Пэйринг и персонажи
Описание
Что-то связывает их. Они знают это давно.
Но во что может перерасти эта, казалось бы, некрепкая связь?
Примечания
Накалякала чо-то, понаписала, понаставила меток и выпнула сюда.
Вышло очень стремительно и странно.
Удачи, это первая моя работа!
Посвящение
Посвящаю своему любимому человеку (С.), хотя наши отношения никак не связаны с сюжетом или фандомом.
Всё целиком, от начала до конца
02 мая 2024, 09:15
~***~
Они дети. Заблудившиеся дети, прячущиеся под маской взрослых. Как и все здесь. В этом странном месте, прозванным "Домом". Эти дети могли вытворять что угодно: избегать происходящее, принимать в нём непосредственное участие или делать вид, что принимать. Могли не верить, смеяться над этим, саркастично изгибая брови и губы, рыдать, заламывая руки, смеяться над тем, что не смешно и убиваться по несуществующему горю.
Но они все были здесь.
Они все повязаны этим местом по рукам и ногам. И сбежать невозможно. Дом пророс в них своими стеблями, и теперь сбежать - оторвать часть себя.
Симбиоз. Зависимость.
Перефразируя выражение: "Можно вывезти человека из Дома, но Дом из него не вывезти".

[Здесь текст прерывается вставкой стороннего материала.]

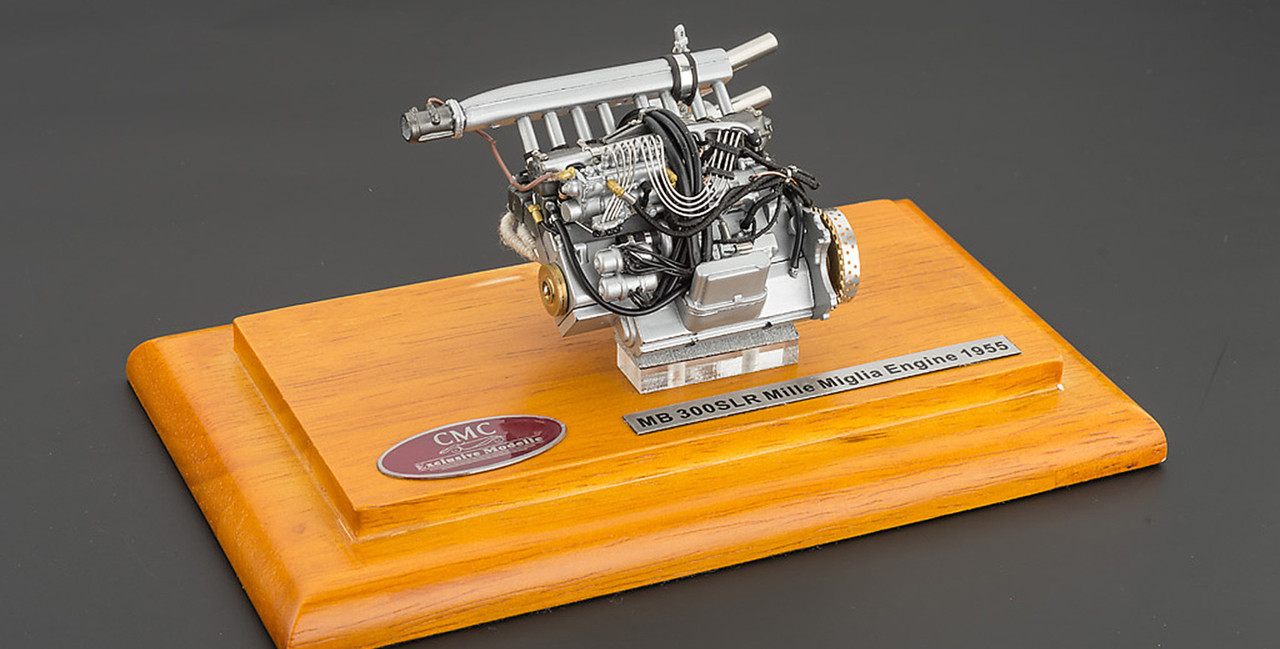 1/18 CMC 1955 Mercedes-Benz 300 SLR Engine Model - LIVECARMODEL.com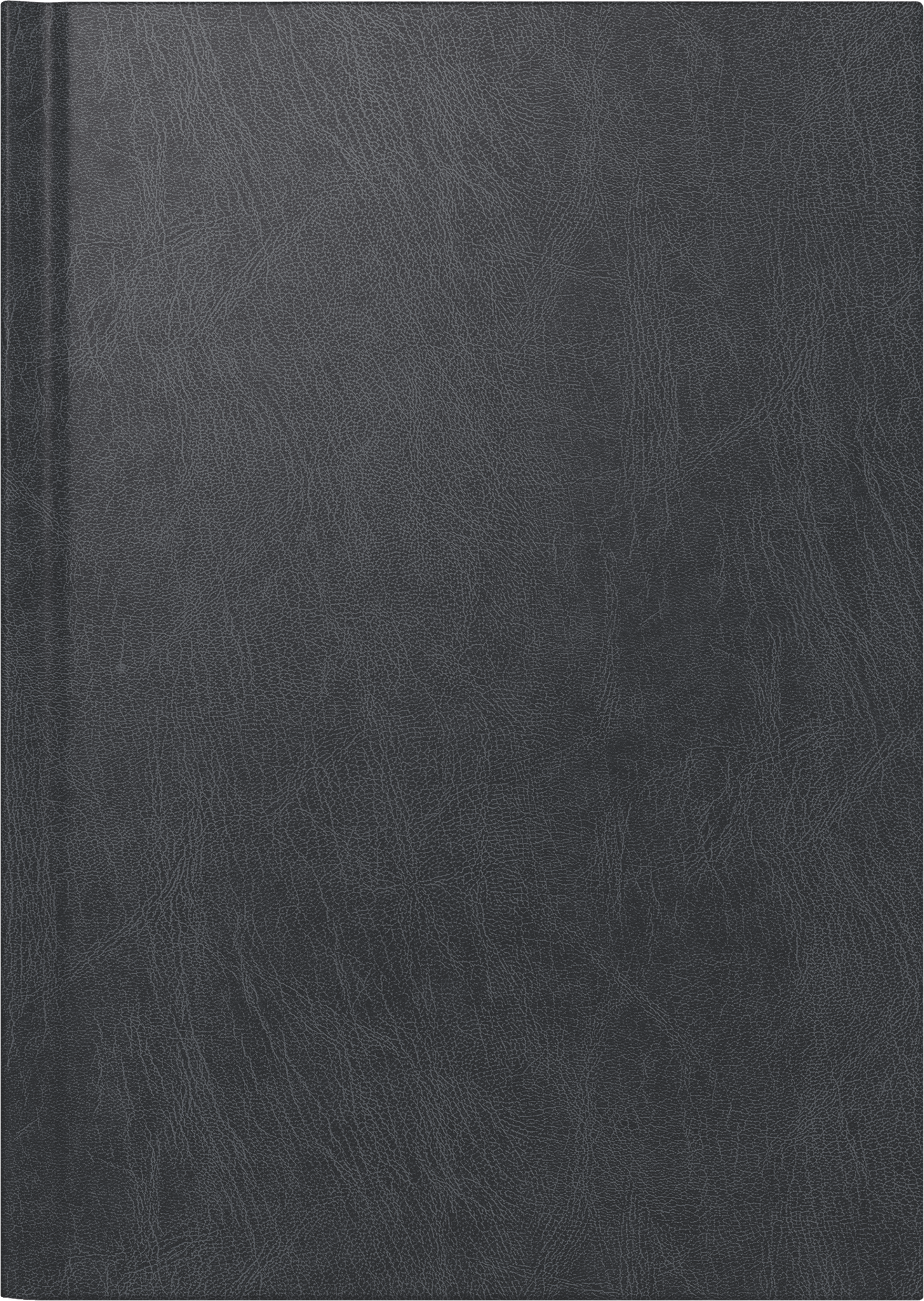 Buchkalender Brunnen 79560 A5 schwarz 1s/1t, 352 Seiten, Mit Eckperforation,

А потом приходит осознание. Осознание того, что ты влип, и очень крепко. Буквально навсегда. На вечность. И совершенно случайно: ты ведь сам не хотел, ты ведь сам смеялся и ассоциировал Прыгунов с кенгуру. Это ведь ты закатывал глаза на речи Табаки.
А теперь ты хватаешься пальцами за сигарету, как утопающий за соломинку, и пытаешься утопить чувство неотвратимого в своей груди в удушливом дыму.
По крайней мере, так делал Курильщик.
Он опять был в учительском туалете. Окна в нём выходили на двор, на тёмное ночное небо. И Курильщик терпеливо пересчитывал все звёзды ещё раз и ещё раз, сминая в пальцах сигарету и не замечая пепла, сыплющегося прямо на колени. Не желая этого замечать.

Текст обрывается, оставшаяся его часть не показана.